Merci à Noblesse & Royautés pour ces précieux témoignages ! On parle si peu de cette famille, liée à d’intéressants personnages – comme Bertha von Suttner (1843-1914), première femme Prix Nobel de la Paix.
Anne-Cécile
29 mai 2019 @ 06:55
Ce que l’on oublie souvent de préciser, c’est que les principautés géorgiennes demandèrent la protection de la Russie tsariste et devinrent volontairement des protectorats.
Puis les familles régnantes de ces principautés, et plus encore la noblesse, en virent à demander leur incorporation dans la noblesse d’Empire (pour leur permettre d’accéder à des fonctions rémunératrices, car beaucoup étaient « pauvres » – un dicton géorgien : est prince celui qui a sa propre grotte et des chèvres). La conséquence juridique fut qu’ils signèrent la fin de leur indépendance.

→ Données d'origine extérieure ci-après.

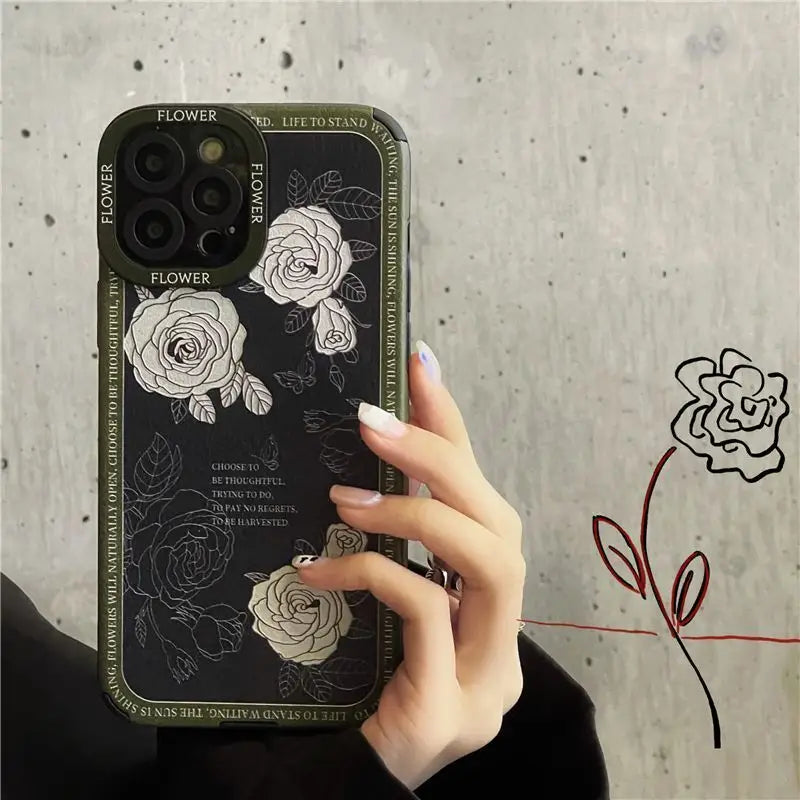 Flower Phone Case - iPhone 13 Pro Max / 13 Pro / 13 / 13 
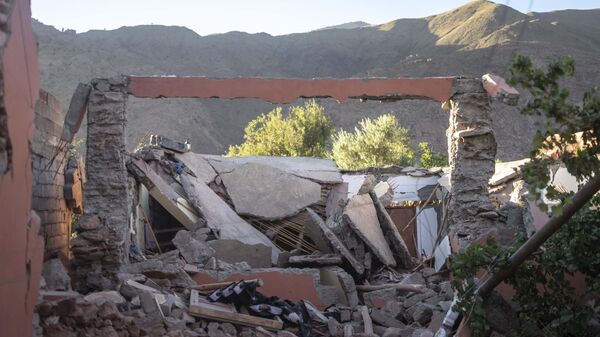 A view of a home that was damaged by the earthquake, in Ijjoukak village, near Marrakech, Morocco, Saturday, Sept. 9, 2023. - Sputnik Africa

On peut voir encore le document (certains princes ne sachant écrire signèrent d’une croix) demandant leur rattachement à la noblesse d’Empire à la Bibliothèque nationale parlementaire de Géorgie.
Philippe
29 mai 2019 @ 08:36
Totale solidarité avec Marie de Rohan-Chabot.
La pauvre … quel cauchemar !
ABER
1 juin 2019 @ 20:21
Oui à l’époque çà devait être quelque chose….parce qu’ encore aujourd’hui, c’est un autre monde….Il faut supporter. En Afrique, j’ai vu des expats tomber en dépression permanente….faire abstraction de ses habitudes est impératif.